INSTRUCTIONS TO FOLLOW — Copy the listing exactly; drop the pictures.
-- PROVIDED DATA follows --
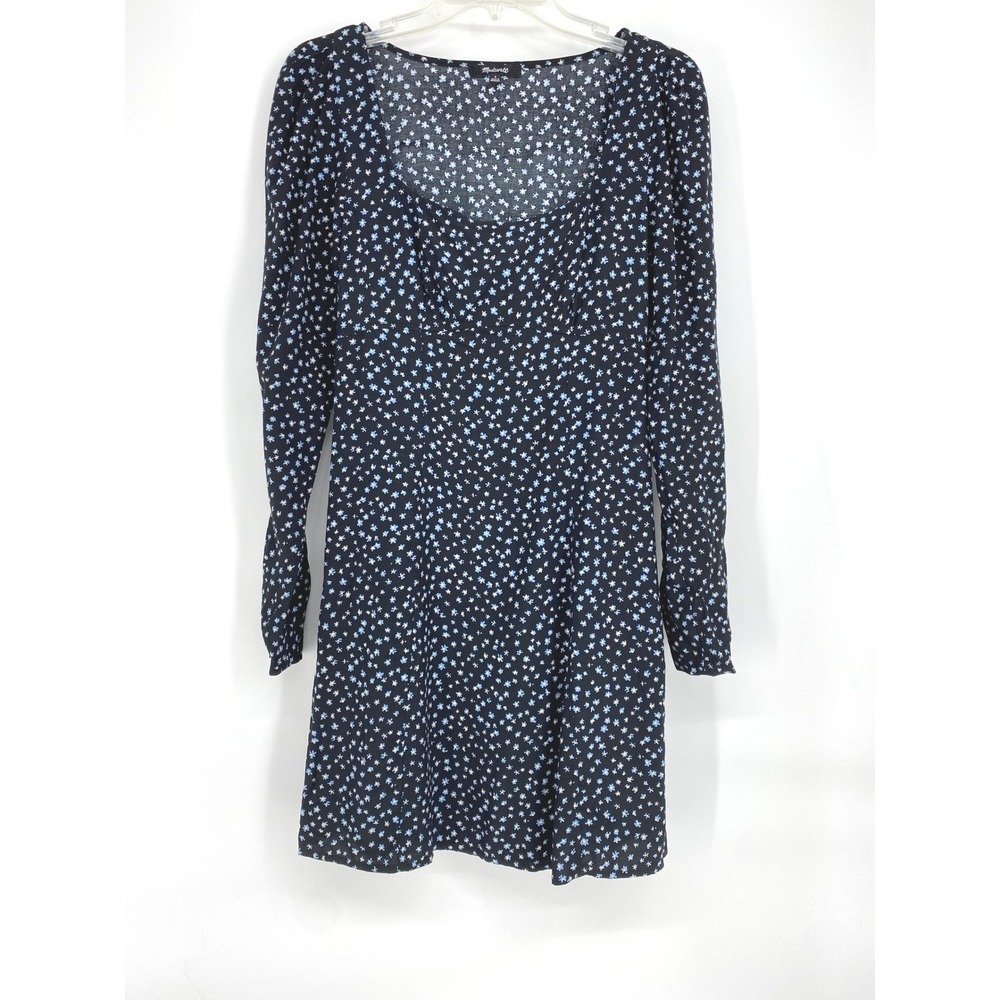 Madewell Women's Size 0 Black Floral Long Sleeve Seamed Dress‎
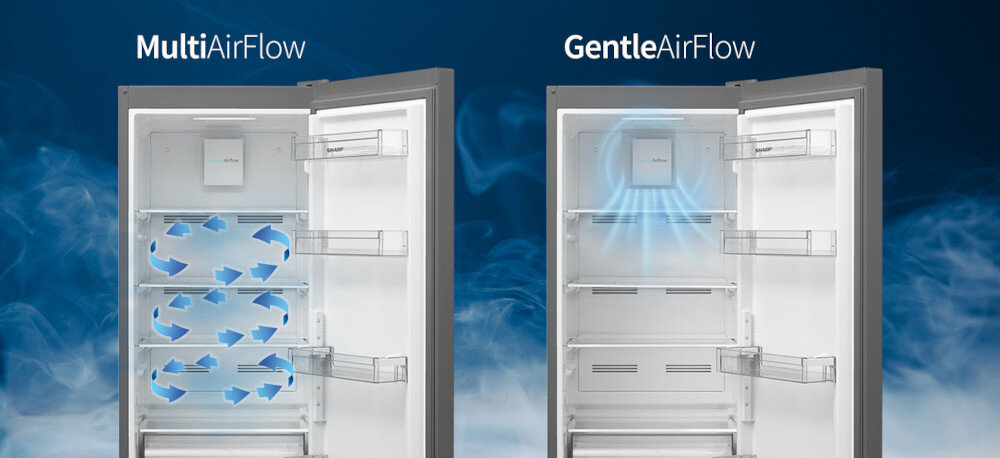 Obraz przedstawia dwie otwarte lodówki z systemami MultiAirFlow i GentleAirFlow, z niebieskimi strzałkami wskazującymi przepływ powietrza wewnątrz. Tło jest niebieskie z delikatnymi smugami przypominającymi parę.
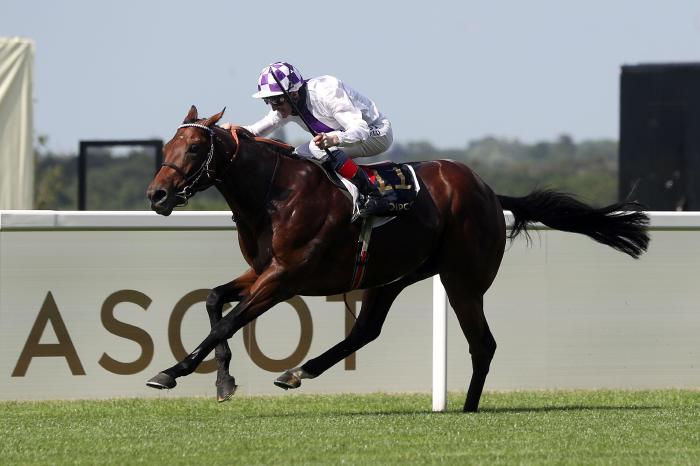 Poetic Flare ridden by jockey Kevin Manning on their way to winning the St James's Palace Stakes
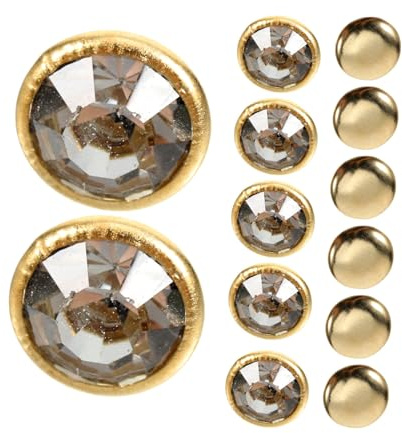 SEWOART Remaches De Gemas De Imitación Cristal Doble Tapa Para Bricolaje, 8 Mm, 100 Piezas, Para Marroquinería, Ropa y Accesorios, Uso Manualidades y Decoración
-- PROVIDED DATA concluded --
THE ANSWER —
 Madewell Women's Size 0 Black Floral Long Sleeve Seamed Dress‎
 Obraz przedstawia dwie otwarte lodówki z systemami MultiAirFlow i GentleAirFlow, z niebieskimi strzałkami wskazującymi przepływ powietrza wewnątrz. Tło jest niebieskie z delikatnymi smugami przypominającymi parę.
 Poetic Flare ridden by jockey Kevin Manning on their way to winning the St James's Palace Stakes
 SEWOART Remaches De Gemas De Imitación Cristal Doble Tapa Para Bricolaje, 8 Mm, 100 Piezas, Para Marroquinería, Ropa y Accesorios, Uso Manualidades y Decoración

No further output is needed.